Backpropagation (short for "backward propagation of errors") is the algorithm used to compute the gradient of a scalar loss function with respect to every parameter of a neural network. It applies the chain rule of calculus in a particular order, sweeping backward from the output of the network to its inputs and reusing intermediate quantities, so that the cost of computing the entire gradient is only a small constant factor more than the cost of evaluating the network itself.[^1] The resulting gradient is then fed to an optimizer such as gradient descent or one of its variants to update the parameters.
Backpropagation is the central computational mechanism in modern deep learning. Every major training framework, including PyTorch, TensorFlow, and JAX, exposes it through a general-purpose reverse-mode automatic differentiation engine, of which neural-network backpropagation is a special case.[^2] From a mathematical standpoint backpropagation is simply the chain rule organized so that the gradient of a scalar output with respect to many inputs is computed in a single backward sweep rather than one forward sweep per input.
Imagine throwing a ball at a bucket. You miss to the left, so on the next throw you aim a bit to the right. Each throw teaches you a little bit about how the world responds to your arm movements, and you slowly converge on the bucket. Backpropagation lets a neural network do exactly the same thing, except that instead of one arm it has millions or billions of tiny knobs (weights), and it needs to know how to turn each one individually. Backpropagation is the bookkeeping trick that takes the single "you missed by this much" error at the output and, in one sweep, tells every knob in the network how much it should turn.

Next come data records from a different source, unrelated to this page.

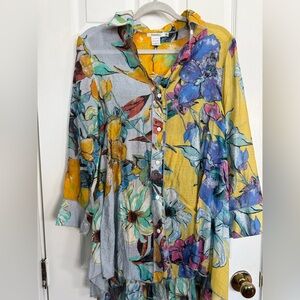 Feratelli Women’s Floral Button Down Shirt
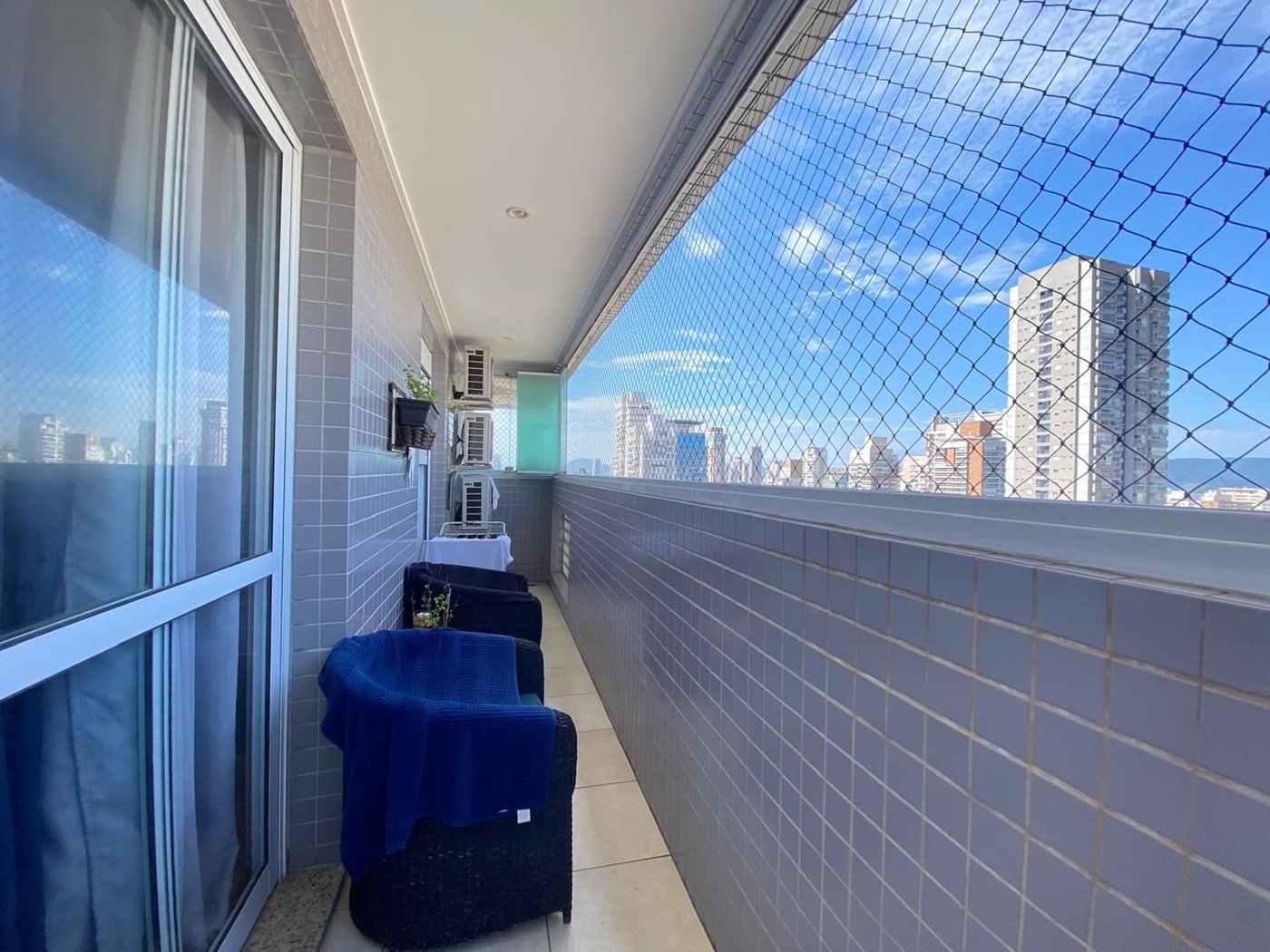 Apartamento com 2 dormitórios à venda, 89 m² por R$ 1.010.000,00 - Gonzaga - Santos/SP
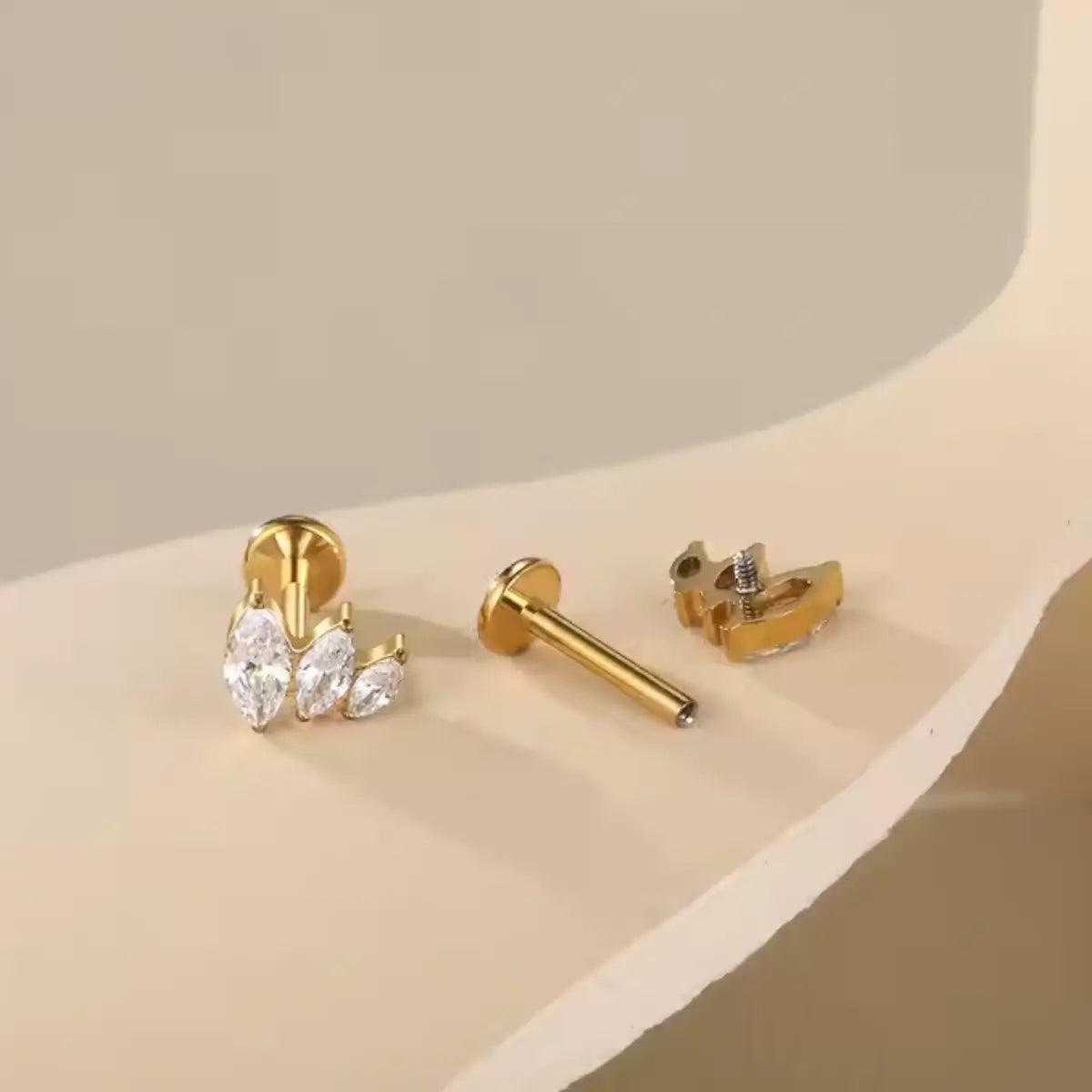 Piercing Labret de Titânio com 3 Zircônias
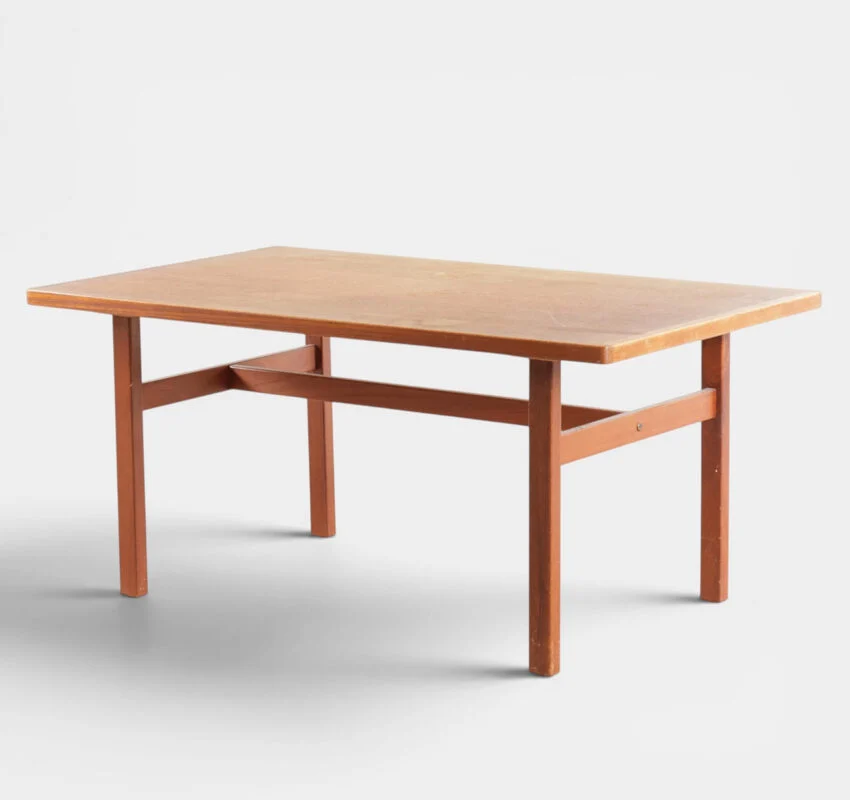 Sofabord af teak med rektangulær plade. Danmark, 1960’erne.
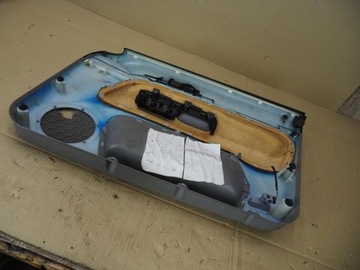 ОБИВКА БОКОВАЯ ЛЕВАЯ ПЕРЕДНЯЯ VW GOLF IV 5D BORA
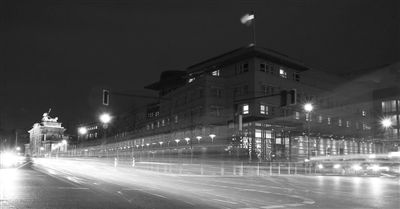 美國駐德國大使館夜景，這里被懷疑設(shè)有監(jiān)聽站。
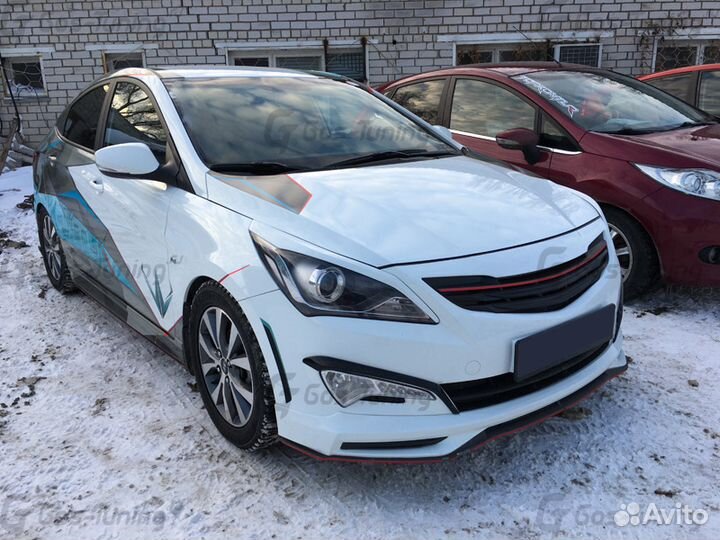 Решетка радиатора Sport на Hyundai Solaris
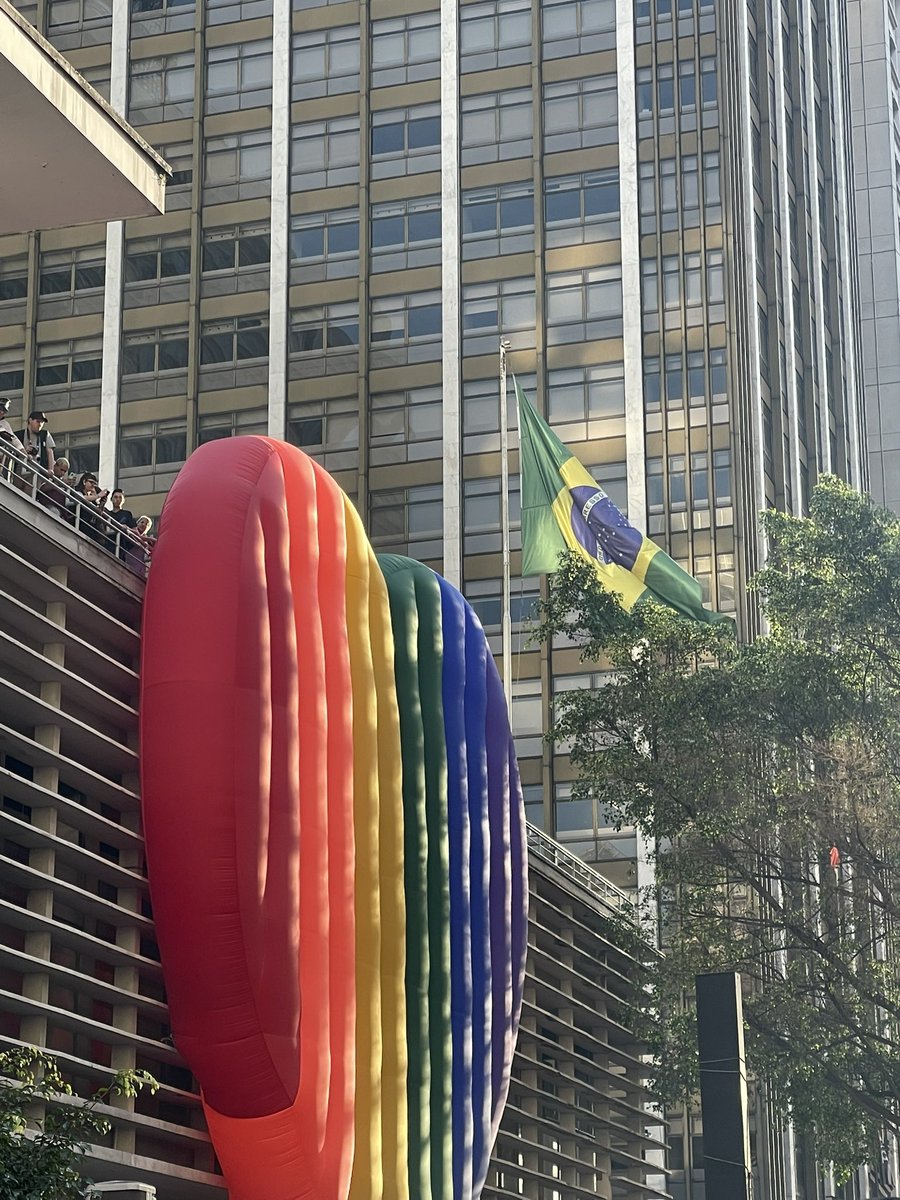 blackstaaar's tweet photo. Love is love 💙💜💖 https://t.co/MrJb9YmVSD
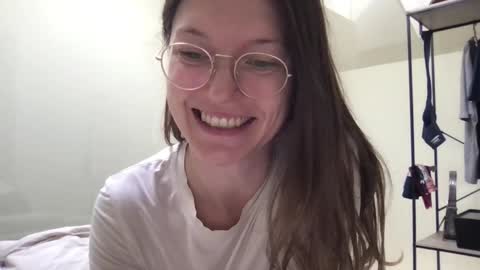 Snapshot of kinkyorange_ chatting on 01.09.25 Mary the Soulmate online show from 01.09.25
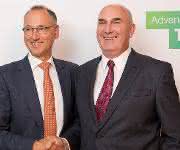 Werner Baumann (links), Vorsitzender des Vorstands der Bayer AG, und Hugh Grant, Chairman und Chief Executive Officer von Monsanto. (Bild: Bayer AG) Werner Baumann (links), Vorsitzender des Vorstands der Bayer AG, und Hugh Grant, Chairman und Chief Executive Officer von Monsanto. (Bild: Bayer AG)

Backpropagation was not invented by a single person or in a single year. The underlying mathematics, reverse-mode automatic differentiation, was worked out before researchers knew it would matter for neural networks, and the application to neural networks was rediscovered several times before it became famous. A careful accounting must distinguish three threads: the general technique (reverse-mode automatic differentiation), its application to neural-network training, and its popularization in the machine-learning community.[^3]
The first explicit description of what is now called reverse-mode automatic differentiation appears in the 1970 Master's thesis of Seppo Linnainmaa at the University of Helsinki, titled The representation of the cumulative rounding error of an algorithm as a Taylor expansion of the local rounding errors.[^4] Linnainmaa described how the derivatives of an arbitrary computation expressed as a sequence of elementary operations could be obtained by traversing those operations in reverse order, accumulating partial derivatives via the chain rule. His thesis even included working FORTRAN code that implemented the algorithm. Linnainmaa published a more accessible version in 1976 in BIT Numerical Mathematics.[^5] His motivation was not learning but the analysis of floating-point rounding error; nevertheless, the algorithm he described is mathematically identical to the backward pass used today to train neural networks.
Paul Werbos, in his 1974 PhD dissertation at Harvard University, Beyond Regression: New Tools for Prediction and Analysis in the Behavioral Sciences, was the first to propose using a reverse-mode chain-rule procedure to compute the gradient of a network of differentiable units with respect to its parameters, for the explicit purpose of fitting such a model to data.[^6] Werbos's dissertation framed the problem in the language of "dynamic feedback," but it presented exactly the equations of modern backpropagation. He later expanded the work in a series of papers, including a 1982 article that gave a clearer neural-network-specific presentation.[^7] Despite this, his work received little attention from the connectionist community for more than a decade, in part because the field had been depressed by the 1969 Perceptrons critique of Minsky and Papert.
In the early 1980s several researchers independently rediscovered backpropagation. David Parker, then at Stanford, derived the algorithm in 1982 and circulated a technical report at the MIT Center for Computational Research in Economics and Management Science in 1985 titled Learning Logic.[^8] Yann LeCun, working independently in France, presented a closely related procedure ("HLM," for hierarchical learning machine) at the Cognitiva 85 conference, where it was published in proceedings.[^9] Neither rediscovery achieved broad notice, partly because they appeared in venues outside the mainstream of artificial intelligence and partly because the broader machine-learning community had not yet seen compelling demonstrations of what backpropagation could do on non-trivial problems.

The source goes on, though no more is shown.